Does AIP Agent Studio support Scanned document?

Mouhcin · January 28, 2025, 11:12am

Hello There,

I was wondering if it’s possible in AIP Agent Studio to limit the number of input and output tokens. The main reason I want this is to reduce costs and to shorten the responses to include only the important information.

Additionally, I have another question: is it feasible to provide a document containing images as input to the AIP Agent? I tested this, but when I asked the LLM to answer questions based on the document has content as images, it couldn’t provide an answer because it couldn’t read information from images.

Finally, does AIP Agent Studio support only documents in PDF format when you upload a document within Retrieve context? Can you please help me with this?

narmbrust · January 28, 2025, 4:13pm

Hi @Mouhcin,

(1) Currently you cannot set input/output token limit in Agent Studio. We are tracking the feature request.

(2) For the “Document-context” mode of Agent Studio, we do text extraction and do not support extraction of images within the document. It is also a feature request we are tracking.

As an alternative, if your document has images you would like to be given to an LLM, you could build a pipeline that does the preprocessing you would like, OCR or extracting each page as an image and then using a custom Function to do the semantic search. This can be used in Agent Studio’s new “Function-backed context” or via a Function tool.

(3) We natively support PDF but if your Media Set has a secondary type associated with it you can upload that type. For example, in Agent Studio, I can go to Document-context, Upload Documents, Create a new media set and add a docx file

Mouhcin · January 29, 2025, 3:02am

Hey Narmburst,

Thank you for the detailed response!

Regarding the second point, is there any example, tutorial, or guide available that can help me meet this setup?
Any pointers, documentation, or best practices would be greatly appreciated.

Thanks!

narmbrust · January 29, 2025, 7:04pm

Hi @Mouhcin,

A guide to parsing documents in Pipeline Builder exists here.

Our Function-backed Retrieval Context just got released so the documentation is coming ASAP.

But to show some of that here so you can get started:

Writing a Context Retrieval Function (RAG Function)

In a Typescript code repo, import the AipAgentsContextRetrieval function interface:

image (32)2090×1272 198 KB
Import the types into your TS code
a. the Get Started panel under the imported function interface is very helpful
b. It should take minute or so to start the typescript server
Write your function!

image (34)2028×554 52.1 KB
Commit and tag a release for your function

Giving your Agent a RAG Function

In the Context tab, select Function-backed content

image (35)958×832 59.5 KB
Select your function

image (36)2248×1304 263 KB
Use your Agent; you should see your Function RAG content in the view reasoning panel and in the rendered prompt!

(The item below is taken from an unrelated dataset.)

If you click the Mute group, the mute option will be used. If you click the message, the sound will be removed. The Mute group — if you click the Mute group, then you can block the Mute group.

image (37)3268×1898 394 KB

Level Up: Map Application Variables to Function Inputs
You may add optional string and object set inputs to your RAG function and fill those inputs with Agent Studio application variables!

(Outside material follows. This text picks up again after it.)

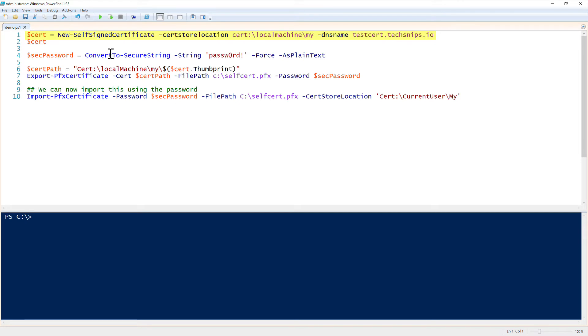In our example here, we're just going to create a simple self-signed certificate by specifying the cert store location. Notice here that I am putting it into the local machine slash my or the personal certificate store, and I'm setting the DNS name to testcert.techsnips.io. That could be anything that you want.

Add inputs to your function
a. Below is a contrived example
b. Note that in order to query the ontology, we have to use async and Promise on our function signature

image (38)2534×806 219 KB
Tag and release your function
In Agent Studio, in the Function-backed context configuration, optionally map Application Variables to these inputs

image (39)1046×1314 85.7 KB
Use your Agent; you should see the current values of your mapping in the reasoning panel and you should see the output of your function in the raw prompt!

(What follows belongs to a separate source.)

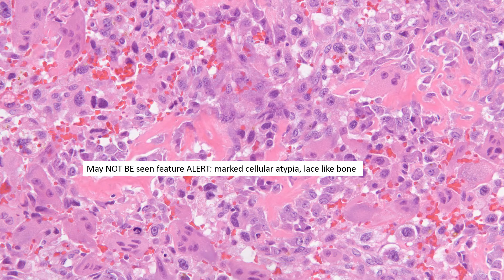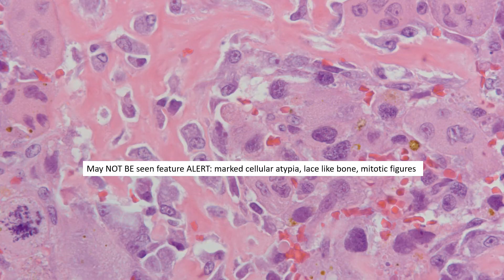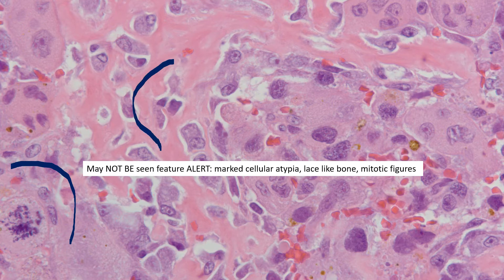Now, switching gears: features you will NOT see in osteoblastoma. You will not see a lace-like network of osteoid — this, to me, is lace-like. You will not see significant atypia: these nuclei are much more pleomorphic, the chromatin far more granular and hyperchromatic. And you will not see atypical mitotic figures, as seen here. That lace-like osteoid is an osteosarcoma masquerading as an osteoblastoma. So the three key features you will not see are: marked cellular atypia, lace-like osteoid, and atypical mitotic figures.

image (40)2384×1886 341 KB

Mouhcin · January 30, 2025, 10:26am

Hello @narmbrust
Thans for your reply.

I was wondering how I can meet my requirements as I am still new to Palantir Foundry. Could you please help me by providing an example of an image or scanned document? Based on what you showed me; can you implement a solution where an AIP agent can answer user questions from that image or scanned doc? Please implement the solution you provided by using a pipeline with a custom function and import that function in the Function-backed context.

Could you help me step-by-step? I really lack this information and couldn’t find it anywhere.

I would really appreciate it.

narmbrust · January 31, 2025, 6:48pm

You can follow the tutorial to parse documents I gave above which is a step-by-step for how to do this in pipeline builder.

Next step would be to chunk & embed those documents, this is a great example of how to do that in Pipeline builder.

Next step would be to pull those embeddings into the Ontology via a new Object Type, Documents & Document Chunks.

Then in Agent Studio you can semantically search the Document Chunk object type by adding Ontology Context to the agent, see docs here. The agent will embed the user query with the same embedding model used in the Document Chunk object type and semantically search that object type to give context to the agent on every message sent.

If a more granular hand-on walkthrough would help, I suggest reaching out to your Palantir representative!

system · April 1, 2025, 6:48pm

This topic was automatically closed 60 days after the last reply. New replies are no longer allowed.